Input data:
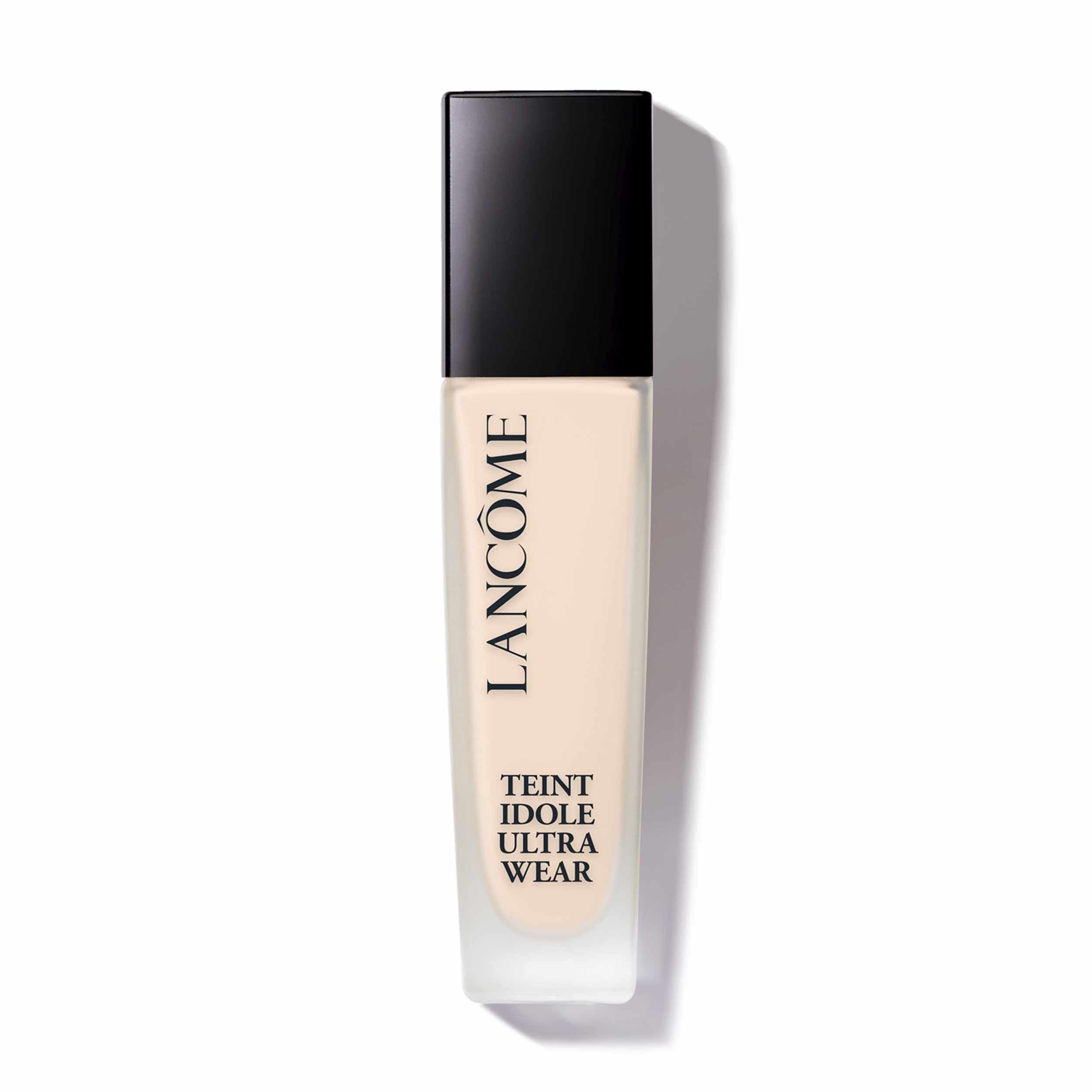 Lancôme Teint Idole Ultra Wear bottle closeup showing natural matte longwear finish.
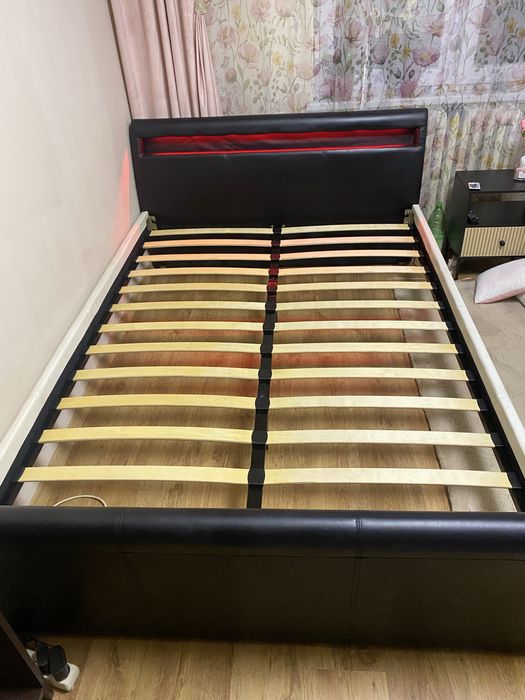 Pat de 2 persoane 140x200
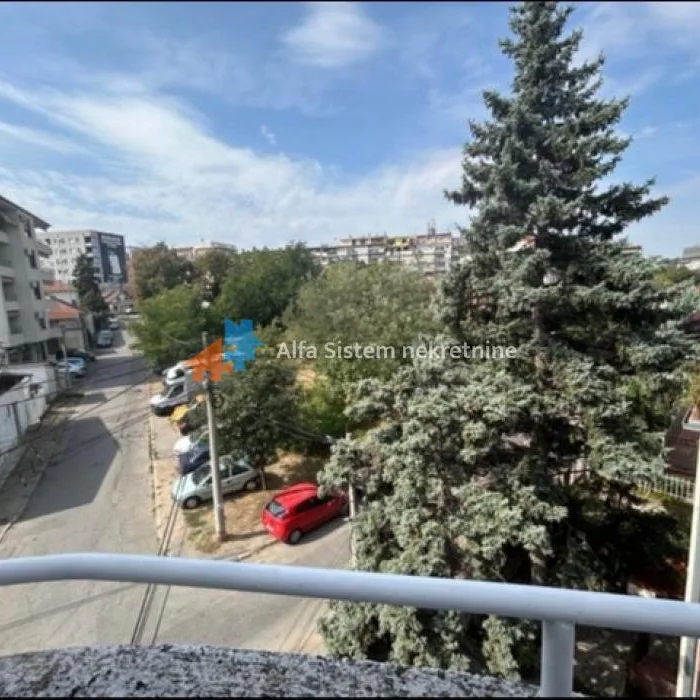 Petosoban stan za izdavanje, Voždovac, Beograd, 176m², 1.500 €/mes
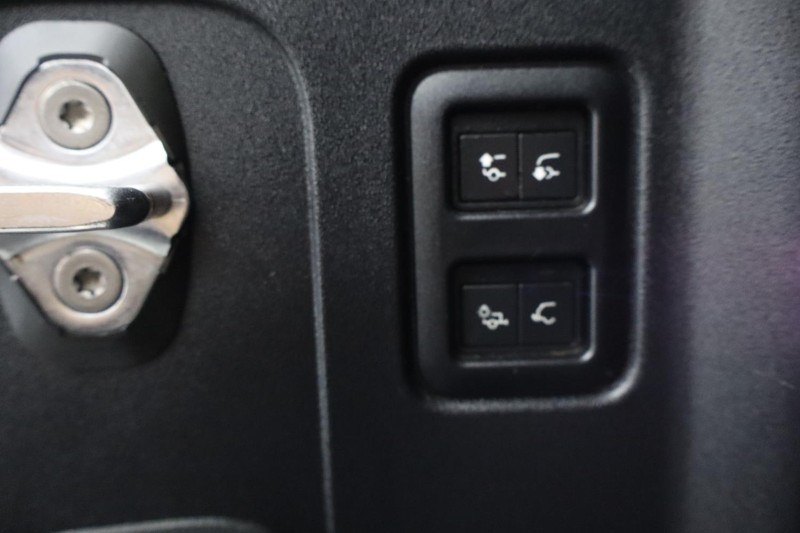 Used Land Rover Defender 2022 for sale - 76981536: Photo 25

Work item:
Apart from the pictures, the whole listing should be reproduced exactly.

Solution to this task:
 Lancôme Teint Idole Ultra Wear bottle closeup showing natural matte longwear finish.
 Pat de 2 persoane 140x200
 Petosoban stan za izdavanje, Voždovac, Beograd, 176m², 1.500 €/mes
 Used Land Rover Defender 2022 for sale - 76981536: Photo 25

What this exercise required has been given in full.